CharlyCst

Last week I attended HotOS, the biennial workshop on Hot topics in Operating Systems. HotOS is my favorite academic conference. It is a small-scale, single track conference where people are open to discussing all sorts of ideas. This is very different from the main system conferences, where everyone tends to be on the defensive. This year there were 100 attendees at HotOS, which took place in Banff, Alberta, Canada.

The Venue

HotOS took place at the Fairmont Banff Springs Hotel, a castle at the heart of the Banff National Park. The organizing team managed to negotiate preferential rates, which kept the overall cost somewhat manageable. I have to say that I really loved the venue, Banff is a place that I would absolutely recommend. The town itself is in the middle of the mountains, with plenty of nature and wildlife. The view is breathtaking, and we even spotted deer while walking at night to relax after a day of the conference.

The HotOS'25 Venue

The Talks

I found this year’s talks to be of very high quality and engaging. HotOS is one of those places where people are very open to discussing early stage or controversial ideas, which gave birth to genuine and interesting exchanges.

The full list of talks is available on the conference website. In this post I will only go through a few of them, but the others are worth checking too!

Guillotine: Hypervisors for Isolating Malicious AIs

This was a talk by James Mickens, also known for his band and his writing such as The Night Watch. I had high expectations for this talk, and I was not disappointed.
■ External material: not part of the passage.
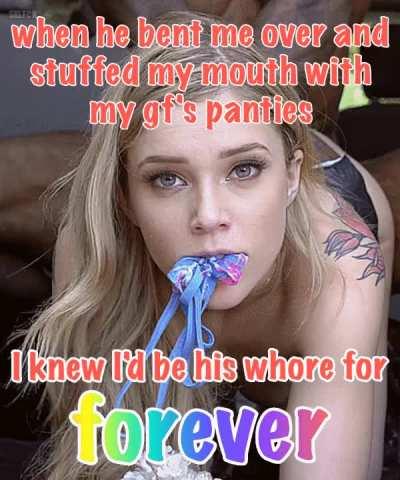 Fuck yes this sissy pussy is yours fill it with hot cum please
James presented the Guillotine hypervisor, a system designed to contain AI programs in case of a Skynet scenario. Guillotine is architected as a set security of layers, to account for potentially multiple levels of sandbox escape by the AI. The security layers range from software and hardware partitioning all the way to physical failsafes such as disconnecting the power and internet cables or immolating the whole data center. James managed to mix humor and apocalyptic threats, all with a perfect delivery and some interesting food for thought. I had a lot of fun and would definitely recommend reading the paper, make your own mind on Guillotine!

Lightweight Hypervisor Verification: Putting the Hardware Burger on a Diet

In that talk I presented our work on hypervisor verification, and I have to say that I did not expect so much positive feedback.

The paper presents an approach for finding bugs in instruction emulation and hardware configuration in hypervisors. We developed a framework to verify Miralis (a research hypervisor that virtualises firmware) and found it super valuable for us, so we decided to share the ideas behind the verification of Miralis. There are two key ideas here: first, in recent years executable ISA specifications became a de facto standard; and second, hypervisors follow a pretty regular structure that makes them easy to verify automatically. In short, we translated the RISC-V specification into Rust code (with a custom compiler), and used a model checker to verify the hardware configuration and instruction emulation. The approach is completely automated (contrary to theorem provers), and helped us squash a lots of very nasty but subtle bugs in Miralis.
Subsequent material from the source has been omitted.